- Brief: Lines from the beginning of the entries up to and including the one with "他山之石：欧洲地区污水资源回收最新实践" must be duplicated word for word; leave out all others.

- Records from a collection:
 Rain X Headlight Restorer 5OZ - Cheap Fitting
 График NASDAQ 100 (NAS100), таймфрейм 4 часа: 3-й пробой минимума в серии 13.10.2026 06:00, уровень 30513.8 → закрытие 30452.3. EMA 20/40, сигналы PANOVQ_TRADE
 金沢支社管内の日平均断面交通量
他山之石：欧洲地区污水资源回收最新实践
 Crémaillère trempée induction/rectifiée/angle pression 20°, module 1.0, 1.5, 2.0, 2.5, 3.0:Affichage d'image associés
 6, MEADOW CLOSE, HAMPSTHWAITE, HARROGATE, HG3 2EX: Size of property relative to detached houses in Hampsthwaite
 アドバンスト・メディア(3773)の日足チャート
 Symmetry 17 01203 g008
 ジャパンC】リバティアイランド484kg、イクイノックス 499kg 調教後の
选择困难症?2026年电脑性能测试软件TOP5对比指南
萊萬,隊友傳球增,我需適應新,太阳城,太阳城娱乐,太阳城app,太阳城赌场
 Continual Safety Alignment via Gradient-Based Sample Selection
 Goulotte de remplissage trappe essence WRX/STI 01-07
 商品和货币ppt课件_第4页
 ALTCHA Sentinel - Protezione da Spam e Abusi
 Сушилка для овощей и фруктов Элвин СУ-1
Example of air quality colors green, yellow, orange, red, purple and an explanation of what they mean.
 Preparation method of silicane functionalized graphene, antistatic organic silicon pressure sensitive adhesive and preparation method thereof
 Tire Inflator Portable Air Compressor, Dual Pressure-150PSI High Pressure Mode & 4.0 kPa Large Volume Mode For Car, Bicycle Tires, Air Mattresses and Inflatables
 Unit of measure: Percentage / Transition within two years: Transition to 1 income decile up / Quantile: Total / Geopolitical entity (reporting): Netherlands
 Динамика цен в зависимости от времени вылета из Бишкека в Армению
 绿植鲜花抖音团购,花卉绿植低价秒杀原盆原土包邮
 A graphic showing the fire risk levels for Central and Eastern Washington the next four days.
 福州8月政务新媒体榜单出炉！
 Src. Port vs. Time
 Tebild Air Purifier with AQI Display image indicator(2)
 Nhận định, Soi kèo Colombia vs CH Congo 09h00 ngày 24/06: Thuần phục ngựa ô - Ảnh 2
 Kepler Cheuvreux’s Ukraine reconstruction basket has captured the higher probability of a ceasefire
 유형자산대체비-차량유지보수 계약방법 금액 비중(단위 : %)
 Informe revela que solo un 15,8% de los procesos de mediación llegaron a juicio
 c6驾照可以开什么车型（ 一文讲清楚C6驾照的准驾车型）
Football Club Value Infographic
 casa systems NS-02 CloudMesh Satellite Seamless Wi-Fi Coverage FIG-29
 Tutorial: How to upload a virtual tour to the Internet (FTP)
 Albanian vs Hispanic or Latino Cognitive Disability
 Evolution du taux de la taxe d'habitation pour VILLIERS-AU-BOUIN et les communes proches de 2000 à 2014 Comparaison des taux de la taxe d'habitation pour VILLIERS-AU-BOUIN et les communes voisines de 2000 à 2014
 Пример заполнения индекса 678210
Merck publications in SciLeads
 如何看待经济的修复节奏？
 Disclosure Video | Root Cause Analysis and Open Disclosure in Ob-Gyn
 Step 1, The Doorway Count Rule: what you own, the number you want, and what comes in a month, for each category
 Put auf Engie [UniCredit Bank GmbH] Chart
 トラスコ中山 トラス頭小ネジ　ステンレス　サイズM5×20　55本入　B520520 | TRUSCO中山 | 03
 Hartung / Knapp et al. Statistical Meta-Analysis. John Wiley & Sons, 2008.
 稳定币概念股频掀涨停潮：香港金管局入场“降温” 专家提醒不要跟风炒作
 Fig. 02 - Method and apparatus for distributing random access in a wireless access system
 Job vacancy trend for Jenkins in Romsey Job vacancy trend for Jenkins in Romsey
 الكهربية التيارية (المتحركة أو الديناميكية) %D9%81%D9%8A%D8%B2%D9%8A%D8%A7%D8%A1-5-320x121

- Problem solution:
 Rain X Headlight Restorer 5OZ - Cheap Fitting
 График NASDAQ 100 (NAS100), таймфрейм 4 часа: 3-й пробой минимума в серии 13.10.2026 06:00, уровень 30513.8 → закрытие 30452.3. EMA 20/40, сигналы PANOVQ_TRADE
 金沢支社管内の日平均断面交通量
他山之石：欧洲地区污水资源回收最新实践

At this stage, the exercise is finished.